Coast Affiliate Program Partner Agreement
The Agreement: This Affiliate Program Partner Agreement (hereinafter called the “Agreement”) is provided by the following organization, hereinafter referred to as “Company”, “us” or “our”: K-Dimensional Holdings Inc. dba Coast, a Delaware corporation. The Agreement is a legal document between you and Company that describes the partner relationship we are entering into. This Agreement covers your responsibilities as a partner and our responsibilities to you. Please ensure you read and understand the entirety of this document, as well as have a lawyer’s assistance if you desire, because each of the terms of this Agreement are important to our working relationship.

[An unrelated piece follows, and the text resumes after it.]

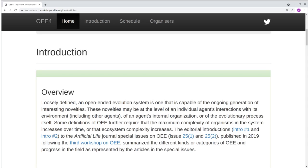One of the most exciting challenges in artificial life is the generation of open-ended evolution. We think of open-ended evolution as being defined by its behavioral hallmarks, which give rise to different kinds or categories of open-ended evolution, and about which there is now a good degree of consensus.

This Agreement is entered into and made effective as of the date of Acceptance (as defined below) of your Application Form (as defined below) (the “Effective Date”), by and between Company and the entity that submits an Application Form (such entity shall be hereinafter referred to as “Partner”, “you” or “your”). By submitting an Application Form, you hereby agree as follows:
- 1. Application Process; Approved Sites: In order to participate in the affiliate program (“Partner Program”) you must complete the application form made available to you (an “Application Form”) identifying your specific websites, social media accounts or other promotional platforms for which you are applying. We will notify you if your application is accepted or rejected by providing you with notice in writing (“Acceptance“). We reserve the right to reject or accept any application in our sole and absolute discretion.By submitting an application, you represent and agree that information, data, or material that you provide to us in connection with your application is true, complete and accurate, and that you agree to be bound by the terms and conditions of this Agreement.We reserve the right to reject your application for any reason or no reason whatsoever, including, without limitation, if we determine that you are or your website is unsuitable or inappropriate. IF YOU ARE NOT AUTHORIZED TO ENTER INTO THIS AGREEMENT ON BEHALF OF PARTNER, OR IF YOU DO NOT AGREE TO ALL OF THE TERMS AND CONDITIONS OF THIS AGREEMENT, DO NOT SUBMIT AN APPLICATION OR OTHERWISE ATTEMPT TO PARTICIPATE IN THE PARTNER PROGRAM.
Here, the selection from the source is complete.